At other conferences you are likely to meet directors or managers of business development from top pharma companies. At JPM, if you navigate the network correctly, you will meet with C-levels or VPs of business development at those key companies. JPM is where you begin to make inroads with the final decision makers.

To make the most of this opportunity you need a biz dev version of your pitch (as previously covered), but you also need to be prepared. Know exactly who you are meeting, who they probably already met with, and what their background is.

If you are coming to JPM with a biz dev focus, you need to be a hustler. You should realize that you, as a seed stage startup, are probably their fiftieth meeting of the day. So be sharp, overprepared, and make every second count.

Best practices for surviving 10 parties per night

Among investors, there is a notion of being “in network.” If an investor sees that you are at a series of events, then it sends a signal that your company is well connected. They will notice.
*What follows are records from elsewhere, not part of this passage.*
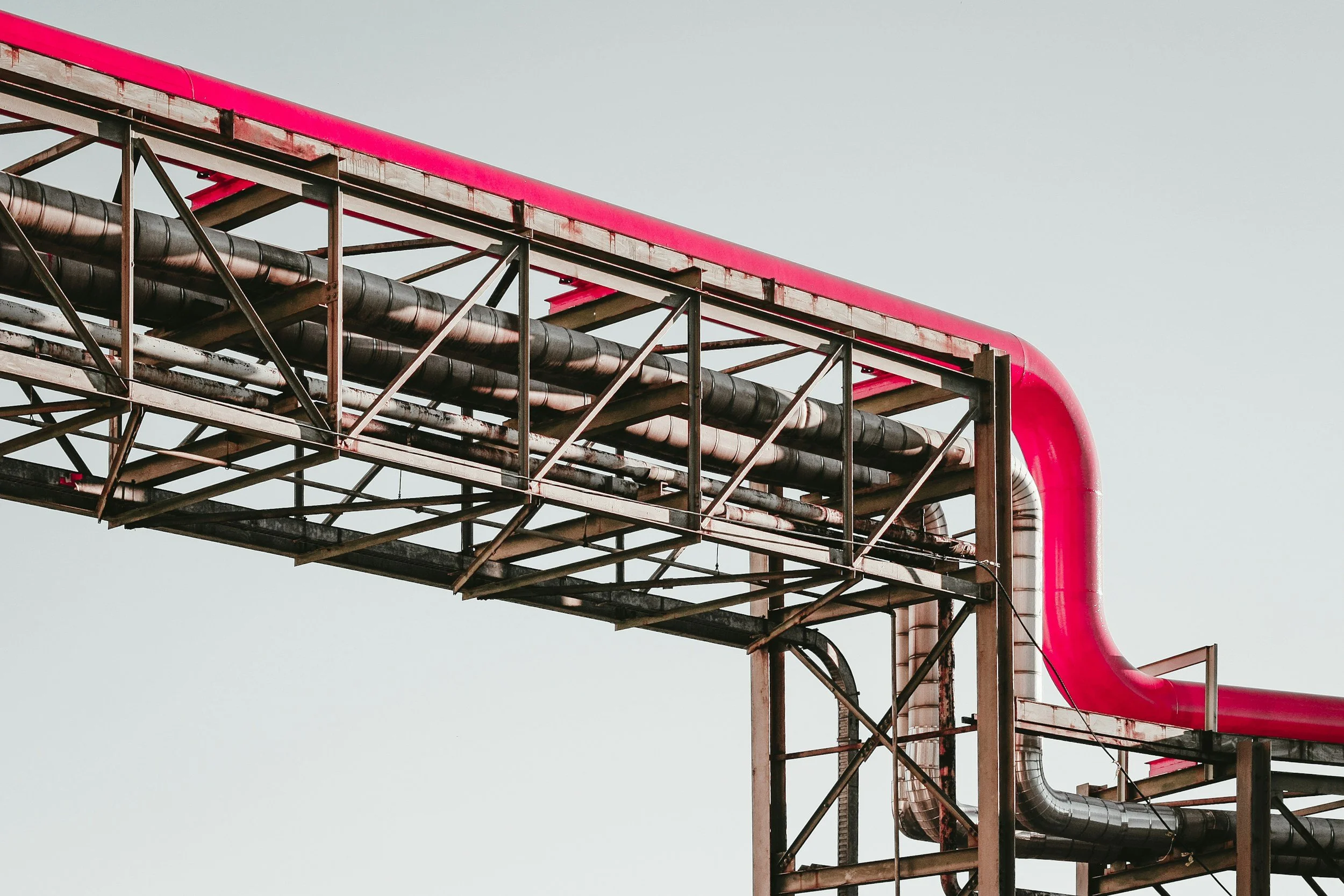 Industrial infrastructure with pipes and metal framework, including a pink pipe, against a clear sky.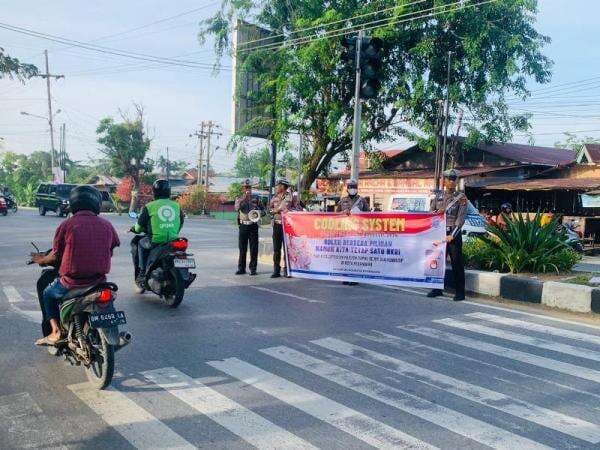 Satlantas Pekanbaru AjakGuru Dukung Pilkada Damai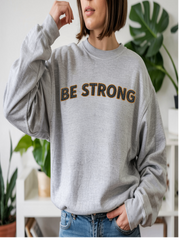 Embroidered Motivational Sweatshirt featuring the phrase 'BE STRONG' on a gray background, perfect for casual wear.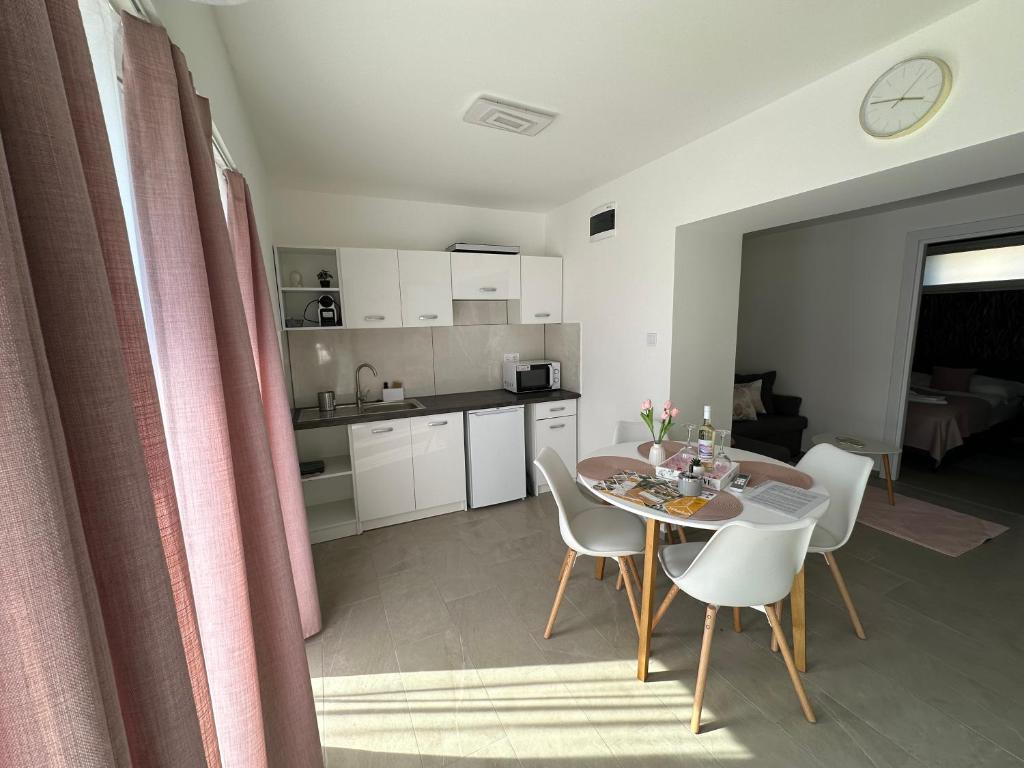 a kitchen and dining room with a table and chairs at Holdfény apartman in Makó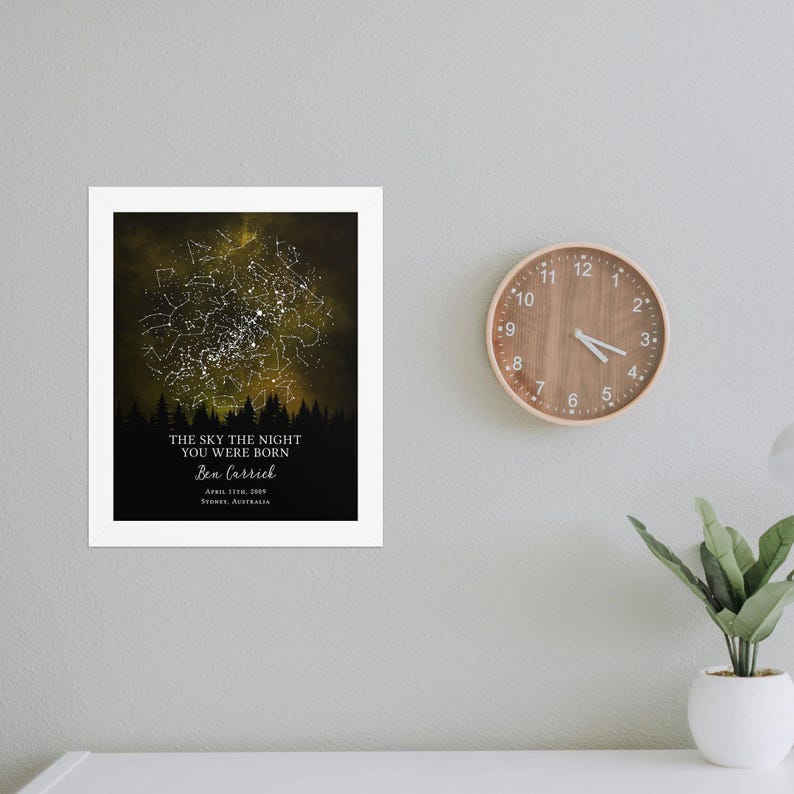 a clock mounted to a wall next to a plant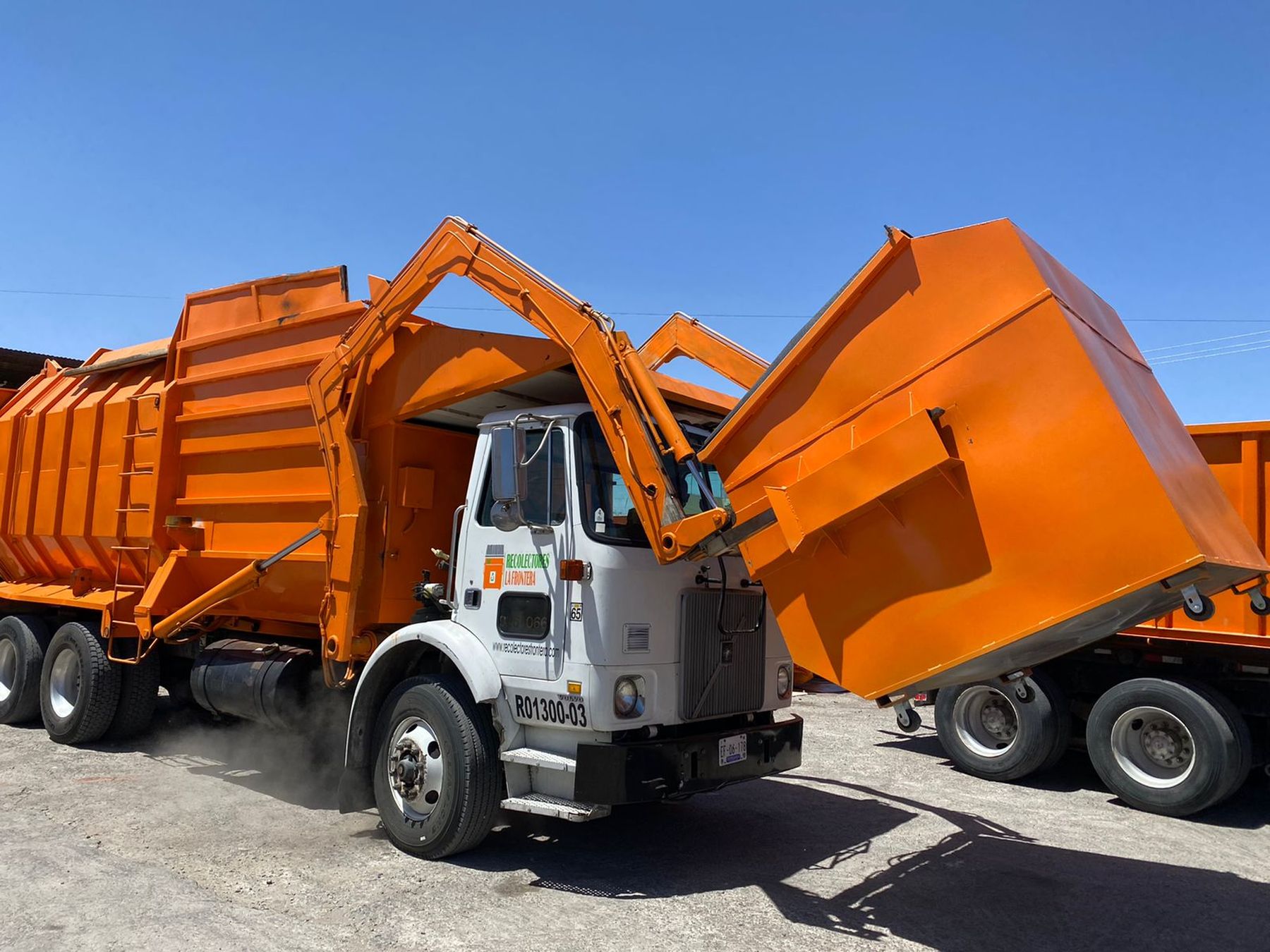 Camión de carga frontal de Recolectores La Frontera levantando un contenedor naranja en Ciudad Juárez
Being well connected isn’t everything, but it will put you a step ahead. At JPM there are about 10 parties per evening. So be smart about where you want to go, who you want to see, and who you want to see repeatedly. Think about what impression that gives on others in your network.

Do your best to meet people you’re interested in working with in a more social context. For example, if your most important meeting of the week is with Takeda, try to get invited to their reception. But don’t push yourself on people. If an event is full, be gracious and move on.

Finally, the parties are supposed to be fun. But don’t get drunk. It’s a bad look, and you aren’t going to make it through the week if you don’t pace yourself.

Do what you said you were going to do

The most important thing to do after JPM is keep your promises. Schedule time in the week following to hold yourself accountable to promises made in the whirlwind.

During that allotted time, you will send your follow ups, thank yous, and answer questions raised during in-person meetings.

Many people fail to do these basic things. You won’t fail to do this if you document everything you do all week, and note the promises you make, and schedule time to keep them. Keep business cards. Be professional and do everything you are committed to do.

If you do all these things, odds are you’ll do JPM right. It should be fun. It’s a week dedicated to

good science, good ideas, and meeting good people.

It will all pay off in the long run.